Edward Huylebrouck. Les atteintes à la probité dans le cadre des opérations de sponsoring d’événements sportifs suscitent une attention croissante de la part des autorités judiciaires et administratives. En 2013, les Nations unies planchaient déjà sur un guide pratique pour lutter contre la corruption dans le sponsoring sportif. En France comme à l’international, les publications s’enchaînent. Le 7 décembre 2023, un rapport remis à la ministre des Sports Amélie Oudéa-Castéra pointait du doigt la faible maîtrise des risques en matière d’atteinte à la probité dans les fédérations sportives. Billetteries pas ou peu sécurisées, recours à la mise en concurrence insuffisant… Autant de problématiques qui soulignaient un manque de transparence dans les processus achats et appelaient à une plus grande présence des comités d’éthique dans l’organisation des événements sportifs. C’est dans ce contexte que l’AFA a sorti en mars 2024 un guide pratique pour sécuriser les opérations de parrainage et de mécénat des entreprises.

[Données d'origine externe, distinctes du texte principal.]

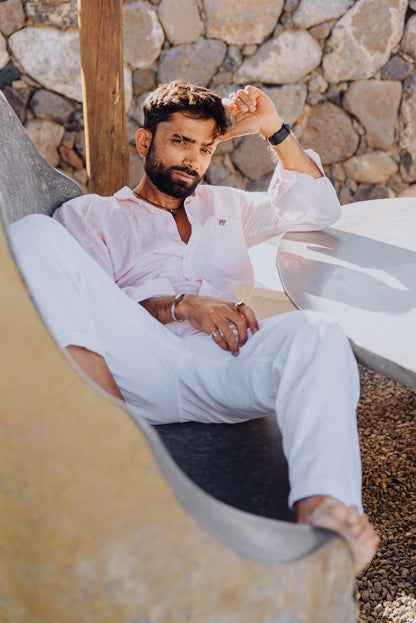 Pink Onyx Pure Linen Shirt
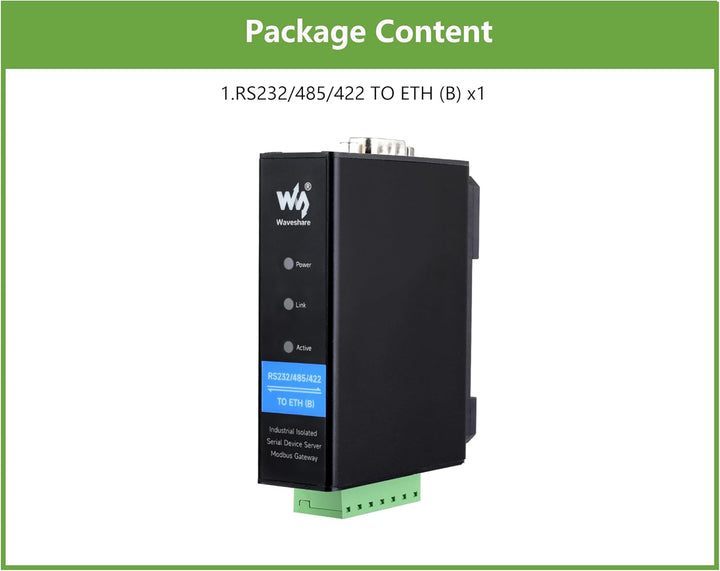 RS232/RS422/RS485 to RJ45 Ethernet Module, TCP/IP to Serial, Bi-Directional Transparent Data Transmi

Il n’y a rien d’original à constater que la corruption guette le secteur du sport au même titre que bien d’autres secteurs économiques. Sans tomber dans la caricature ni dans le récit historique, la tricherie existe depuis que le sport est sport. Mais force est de relever que la tricherie n’est plus l’apanage des sportifs en compétition. Elle peut aussi gagner les sphères dirigeantes, où les pouvoirs politique, disciplinaire et économique sont concentrés. Elle touche les personnes physiques et morales chargées de l’attribution des droits, témoins du passage de flux financiers de plus en plus importants. Ces vingt dernières années, les nombreuses révélations sur des irrégularités alléguées ou avérées dans l’attribution de compétitions, sur des fédérations fermant les yeux sur des cas de dopage ou sur le détournement de fonds par des dirigeants pour un usage personnel ont secoué l’opinion. Elles ont mené au développement d’une prise de conscience que la détection et la répression ne suffisaient pas. Résultat : l’éthique sportive, imprégnée des principes fondamentaux de l’olympisme, voit émerger à ses côtés une éthique des « affaires sportives ». La mise en place de mesures préventives doit permettre d’éviter, autant que possible, la survenance de pratiques illégales dans les organisations sportives. En parallèle, les entreprises ont développé en leur sein une culture de compliance anticorruption toujours plus exigeante. Où en sommes-nous de ces démarches vertueuses de part et d’autre ? Le sponsoring sportif, matière au carrefour de ces deux mouvements, offre une bonne occasion de constater les progrès déjà réalisés et de mesurer le chemin restant à parcourir.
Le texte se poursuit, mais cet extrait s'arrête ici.